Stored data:
........
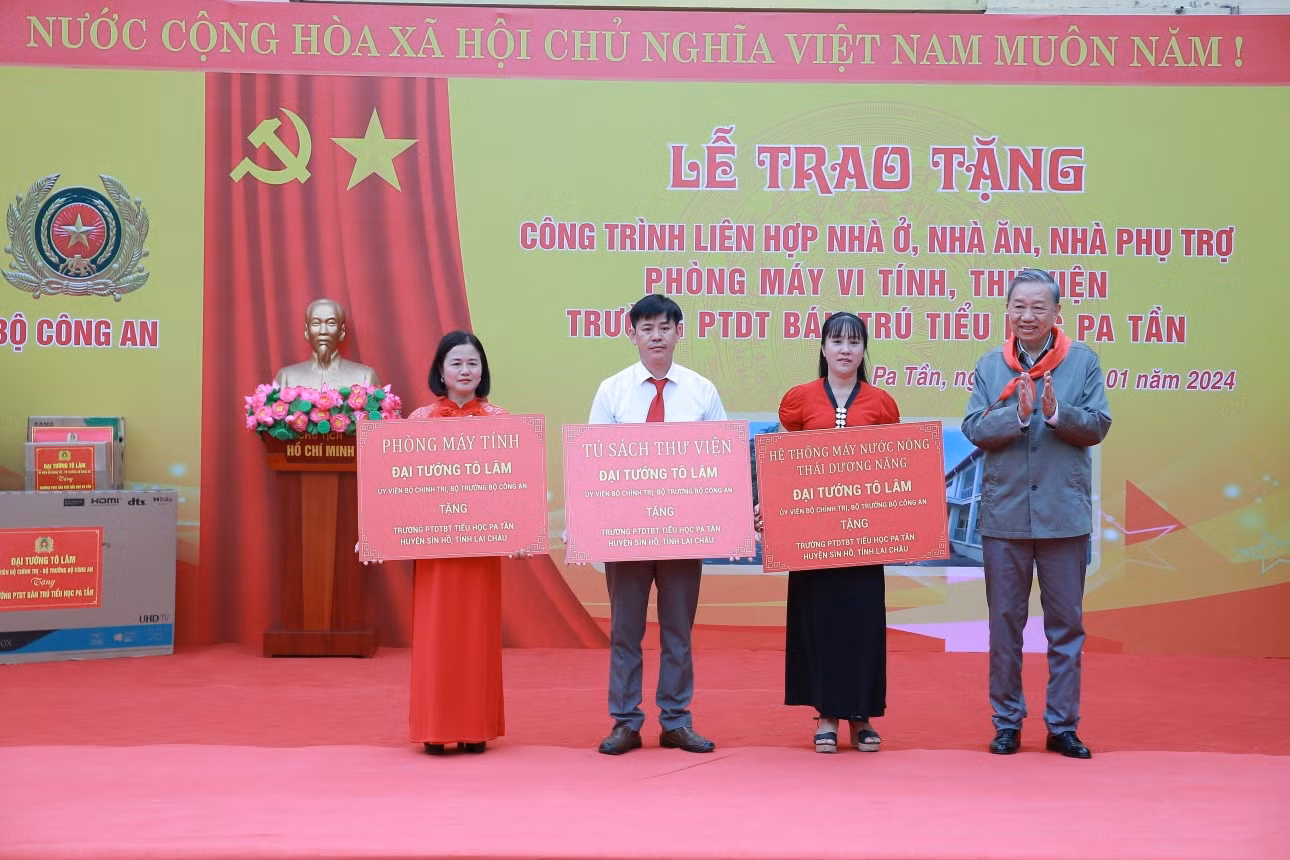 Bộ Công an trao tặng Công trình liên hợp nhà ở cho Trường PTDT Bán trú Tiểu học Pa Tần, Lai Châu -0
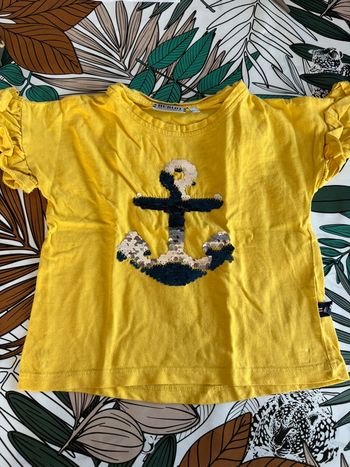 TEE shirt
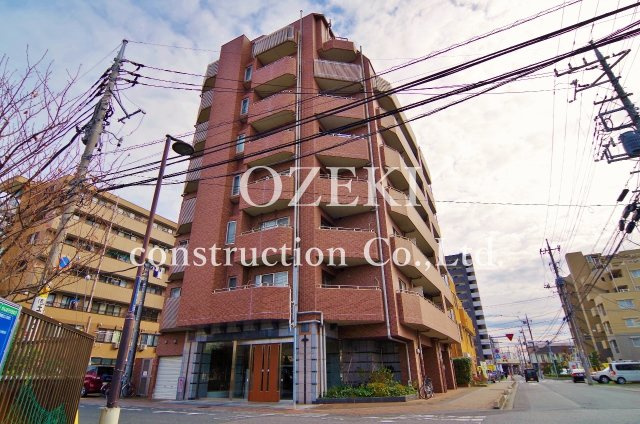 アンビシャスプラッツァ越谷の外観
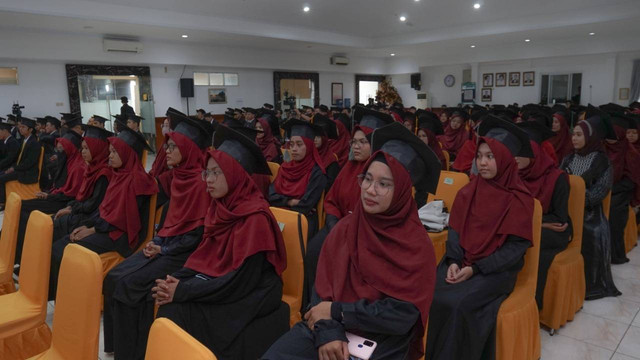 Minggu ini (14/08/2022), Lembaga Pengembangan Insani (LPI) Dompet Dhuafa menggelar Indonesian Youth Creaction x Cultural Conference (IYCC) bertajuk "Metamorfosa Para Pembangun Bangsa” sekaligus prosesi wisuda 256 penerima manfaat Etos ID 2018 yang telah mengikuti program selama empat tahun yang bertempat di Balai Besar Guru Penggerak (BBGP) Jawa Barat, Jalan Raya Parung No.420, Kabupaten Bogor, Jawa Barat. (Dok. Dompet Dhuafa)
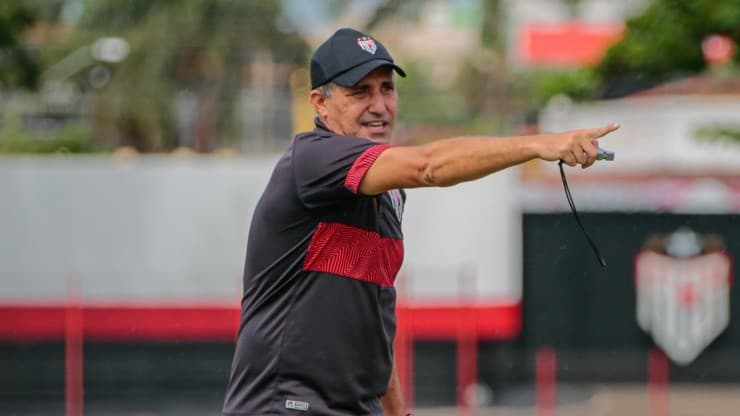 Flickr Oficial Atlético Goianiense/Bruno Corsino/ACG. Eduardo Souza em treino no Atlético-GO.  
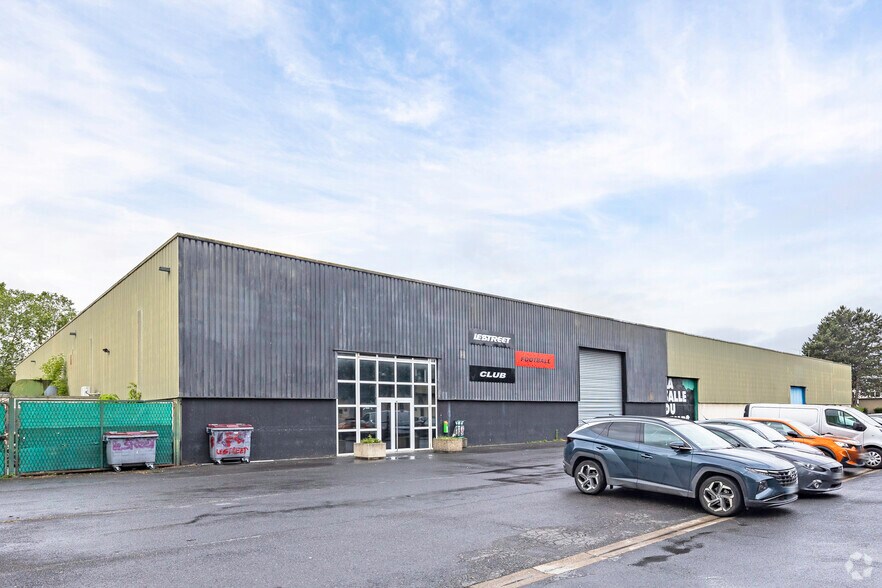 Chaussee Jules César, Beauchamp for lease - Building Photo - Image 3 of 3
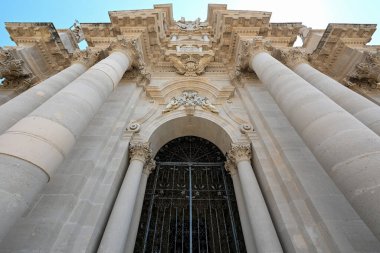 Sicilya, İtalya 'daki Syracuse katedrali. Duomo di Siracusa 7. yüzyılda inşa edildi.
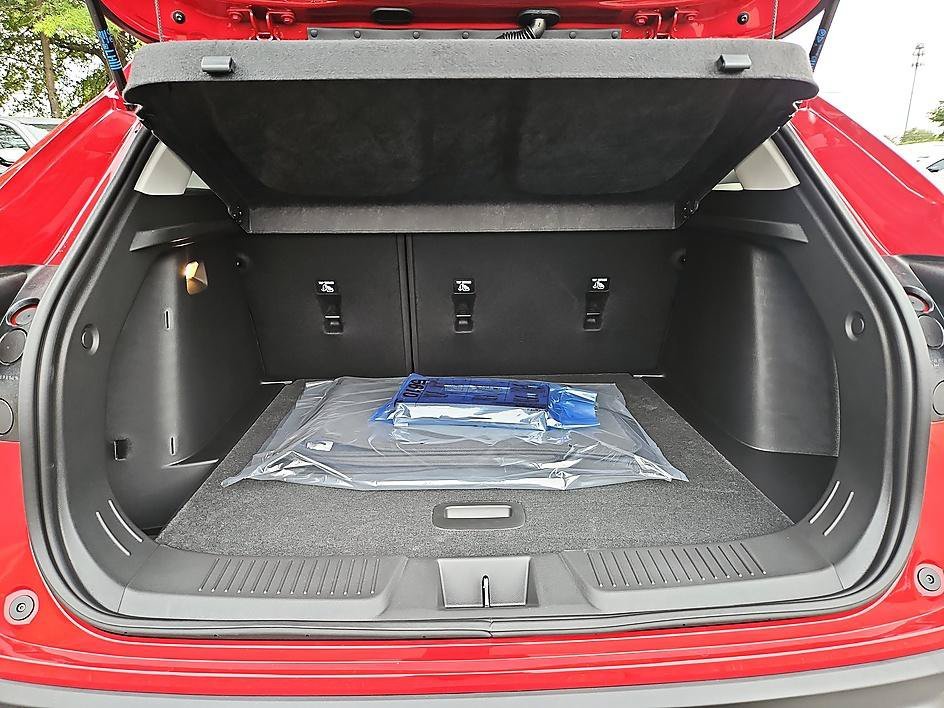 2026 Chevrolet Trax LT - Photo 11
........
■ WORK TO COMPLETE ■
With all pictures omitted, return exactly the lines from the one containing "Minggu ini (14/08/2022), Lembaga" through the end of the entries above.

■ RESULT OF THE TASK ■
 Minggu ini (14/08/2022), Lembaga Pengembangan Insani (LPI) Dompet Dhuafa menggelar Indonesian Youth Creaction x Cultural Conference (IYCC) bertajuk "Metamorfosa Para Pembangun Bangsa” sekaligus prosesi wisuda 256 penerima manfaat Etos ID 2018 yang telah mengikuti program selama empat tahun yang bertempat di Balai Besar Guru Penggerak (BBGP) Jawa Barat, Jalan Raya Parung No.420, Kabupaten Bogor, Jawa Barat. (Dok. Dompet Dhuafa)
 Flickr Oficial Atlético Goianiense/Bruno Corsino/ACG. Eduardo Souza em treino no Atlético-GO.  
 Chaussee Jules César, Beauchamp for lease - Building Photo - Image 3 of 3
 Sicilya, İtalya 'daki Syracuse katedrali. Duomo di Siracusa 7. yüzyılda inşa edildi.
 2026 Chevrolet Trax LT - Photo 11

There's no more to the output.